With more herbivores, there will be in turn more for exciting species such as wolves – thereby diversifying the wildlife viewing opportunities. Bears are also frequent visitors to the valley, feeding on the berries on the high slopes above. Rewilding Europe are presently structuring a loan to help Petar renovate some outbuildings adjacent to his farm into a simple guesthouse, which will provide accommodation and tasty local meals for visitors. In the years to come, it is our hope that Petar’s children will have a reason to remain in the area. Indeed other families will hopefully return, attracted by new nature based economic opportunities.

Prize winning bee keeper Sanjin Zarkovic at his bee farm in Melnice, Honey bees, Apis mellifera, Velebit Nature Park, Rewilding Europe rewilding area, Velebit mountains, Croatia
Prize winning bee keeper Sanjin Zarkovic at his bee farm in Melnice
Staffan Widstrand / Rewilding Europe

Elsewhere in Velebit, we have been working with the Senj bee-keeping association whose 200 local members rely upon the wild plants of Velebit to produce their superb natural honey. We have recently provided a loan through Rewilding Europe to Sanjin and Ines Žarković, a young couple whose family produce the Guslice & Melnice local honey. Our finance (which has been made possible through our funding partners the Dutch Postcode Lottery and the Adessium Foundation) will help the Guslice & Melnice team to invest in new specialist honey producing equipment and to access new customer markets. We are excited to support a local business whose product relies wholly upon the wild nature of Velebit.

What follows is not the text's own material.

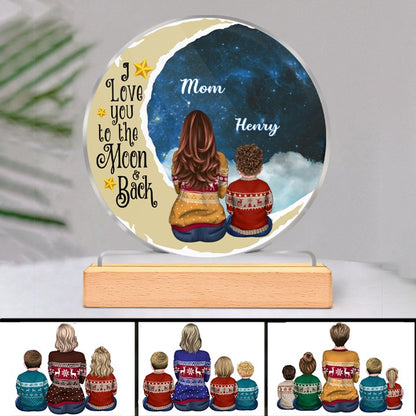 Mother - I love you to the moon and back - Personalized Circle Acrylic Plaque (II) - Makezbright Gifts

Further into the hinterland of Velebit, we enter a world of beautiful wooded valleys and wild flower meadows. Charming wooden barns and small villages dot the landscape. Here, the Linden Tree Ranch & Retreat has recently received a Rewilding Europe Capital loan to renovate their guest accommodation and to invest in new equipment for their fantastic horse riding holidays in the Velebit mountains. Rewilding Europe has helped Linden Tree to develop a partnership with a leading international tour operator who will bring their first groups to Velebit in summer 2014. Linden Tree’s founder and owner, Bozidar, has been working with Rewilding Europe and the nearby University of Zadar on a grazing experiment with European bison on his property. This is a process involving all relevant local and national stakeholders which if successful will provide both an essential component of the natural ecosystem and a valuable attraction for nature tourists in the region.

Not abandoned house.Casa de Cisterna B&B, Castelo Rodrigo, Portugal
Casa de Cisterna B&B, Castelo Rodrigo, Portugal
Staffan Widstrand / Rewilding Europe

In another beautiful part of Europe, the ‘Western Iberia’ border region of north-west Spain and Portugal, Rewilding Europe works to support several local entrepreneurs living near the Faia Brava Nature Reserve. The wonderful Casa da Cisterna guesthouse is owned and operated by Ana Berliner, a local guide and biologist who has renovated a series of beautiful old buildings in a historic village overlooking the Côa valley. Ana has received a Rewilding Europe Capital loan to expand her guesthouse to include a further 4 en-suite guest rooms. A condition of her loan is that all guests will make a contribution to the Western Iberia rewilding area initiative. Guests of Casa da Cisterna have the chance to view rare species such as the Spanish imperial eagle.

Rewilding Europe are working to support another great local entrepreneur, Mafalda Nicolau de Almeida whose business ‘Miles Away’ offers fantastic outdoor dining experiences in the Côa valley. Guests are treated to a 4-course meal of local specialities and fine wines while seated under the stars. We are working with Mafalda to introduce a new ‘fly-camping’ experience, which she will introduce to her business during summer 2014. Guests will spend the night on a sandbank by the Côa river or among the beautiful oak woodlands of the Faia Brava reserve.

These local personalities and nature entrepreneurs are the essence of Rewilding Europe’s work. We look forward to supporting the growth of many more local rewilding enterprises during 2014.